The future of nationalism
Nationalism was the ideology that suited the Second Industrial Revolution, and globalism is what suits the information technology era. The extent of economic specialization of 1900 lent itself well to nation-states. Those nation-states did not have to be very big – Sweden wasn’t – but if they were small they needed to have open economies and institutions allowing extensive trade even in the absence of mass migration.
The extent of economic specialization of 2020 in the developed world is not the same as that of 1900. Industrial specialization, as when each industrial Northern American city produced a different good, is in decline, but instead there are hyper-specialized clusters of academic and industrial research, drawing on international talent. This requires stepping up from nationalism toward globalism. Linguistically this means English, stripped of a few Americanisms and Anglicisms like non-metric units; in literature this means reading a selection of many different cultures’ great authors, usually in translation, and not just one linguistic canon; in science this means an academia that trends toward international exchanges and often nation-hopping in training.
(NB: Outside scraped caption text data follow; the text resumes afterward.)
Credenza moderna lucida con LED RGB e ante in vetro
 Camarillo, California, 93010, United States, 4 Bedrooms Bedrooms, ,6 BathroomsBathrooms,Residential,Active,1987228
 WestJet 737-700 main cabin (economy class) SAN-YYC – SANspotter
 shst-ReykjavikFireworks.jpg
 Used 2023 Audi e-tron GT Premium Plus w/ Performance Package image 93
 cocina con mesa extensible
It’s too vast a world for cultural Fordism, which encourages post-Fordist specialization – think Starbucks and its many different options for coffee and not the McDonald’s of 20 years ago with its limited menu.
The United States happens to be very well-suited for some aspects of globalization: most importantly, it is already Anglophone. It is ill-suited for others: Americans’ sense of national pride is bound in industries and consumption patterns that are destroying the planet. Any green transition, and really any improvement in infrastructure beyond the 1950s and 60s, will offend Americans’ sense of nationhood and elevate subcultures they are used to denigrating. This is not partisan and this is not even mostly racial. Nationalism romanticizes the nation’s imagined past, and in the United States more than anywhere else the past in question must be discarded as an era of wanton pollution.